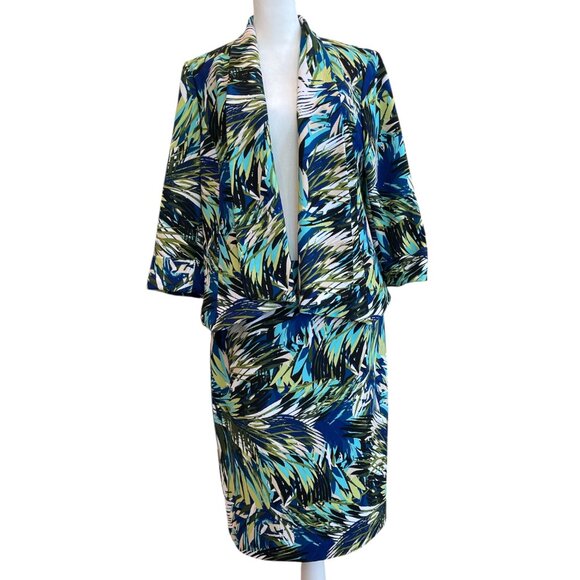 Black Label By Evan Picone Two-Piece 3/4 Sleeve Suit Skirt and Jacket Set Size 8 - Picture 1 of 4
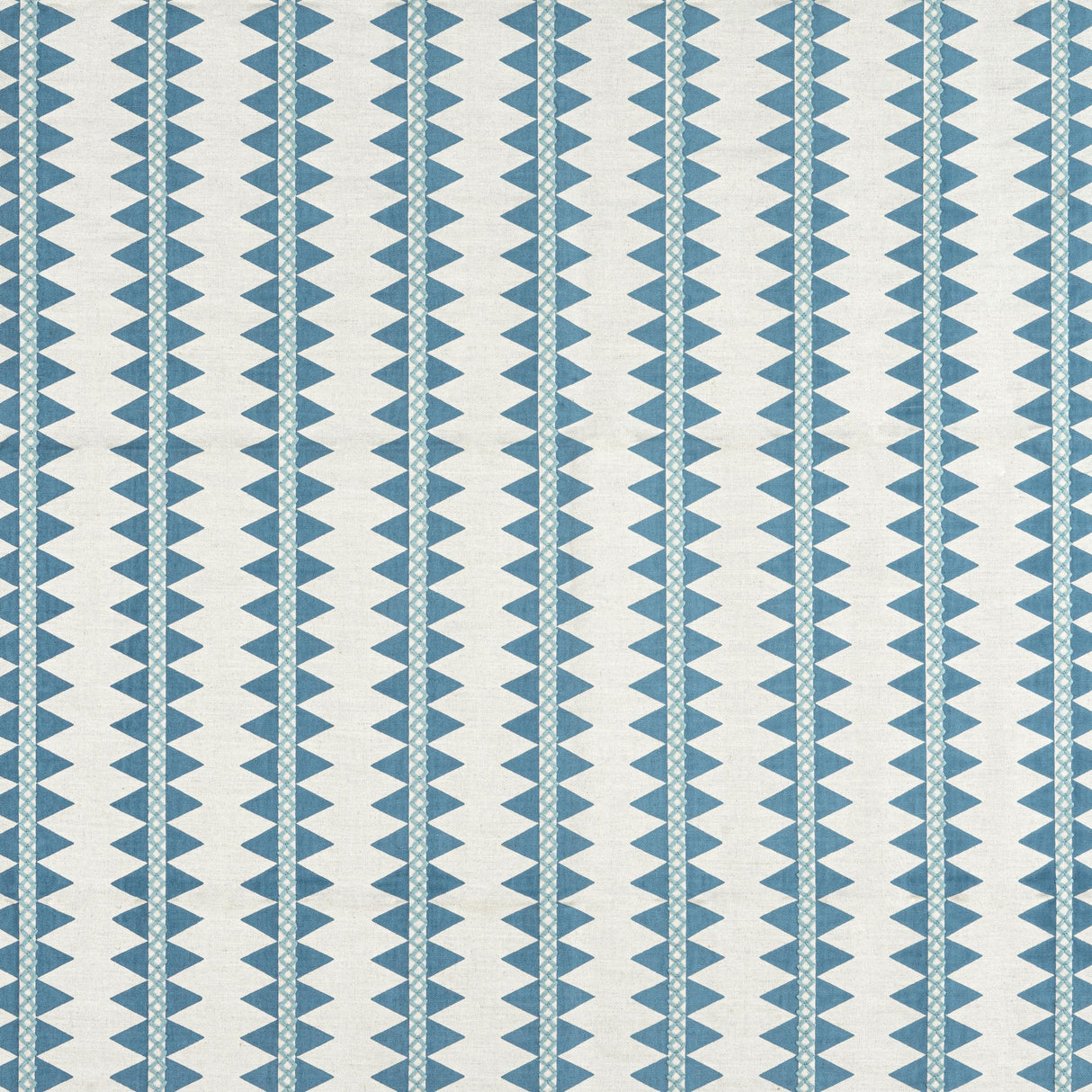 Thibaut Reno Stripe Embroidery Teal Fabric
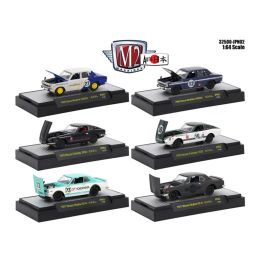 Auto Japan 6 Cars Set Nissan / Datsun IN DISPLAY CASES 1/64 Diecast Model Cars by M2 Machines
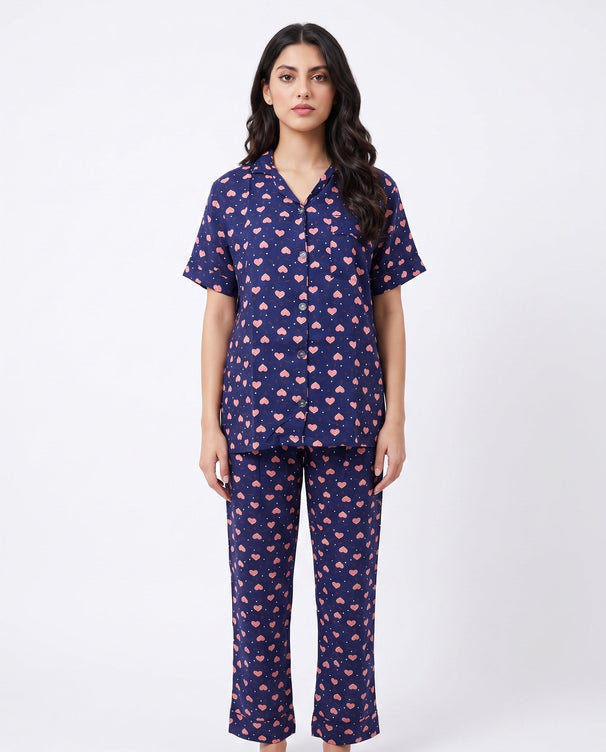 Sajiero Linen Pajama Suit - Juicy Heart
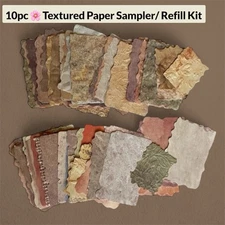 Textured Paper Sampler ✿ 10pc Ephemera Test Kit – Scrapbook & Junk Journal Pack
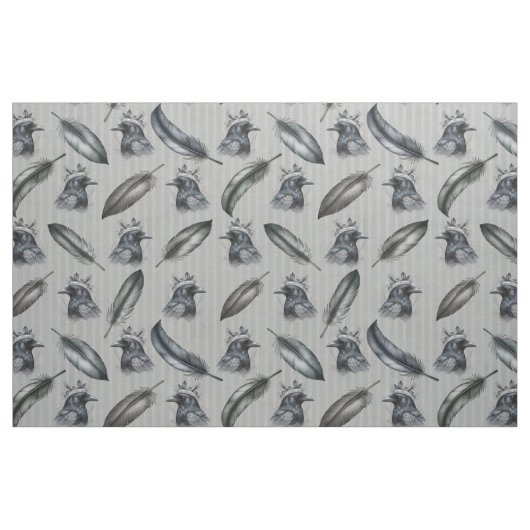 Krähen Crows Rabe Muster mit Federn Stoff (Fat Quarter (45,7 x 55,9 cm))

◆ Exercise details ◆
Pictures are to be excluded; everything else in the records must be reproduced exactly.

◆ Result ◆
 Black Label By Evan Picone Two-Piece 3/4 Sleeve Suit Skirt and Jacket Set Size 8 - Picture 1 of 4
 Thibaut Reno Stripe Embroidery Teal Fabric
 Auto Japan 6 Cars Set Nissan / Datsun IN DISPLAY CASES 1/64 Diecast Model Cars by M2 Machines
 Sajiero Linen Pajama Suit - Juicy Heart
 Textured Paper Sampler ✿ 10pc Ephemera Test Kit – Scrapbook & Junk Journal Pack
 Krähen Crows Rabe Muster mit Federn Stoff (Fat Quarter (45,7 x 55,9 cm))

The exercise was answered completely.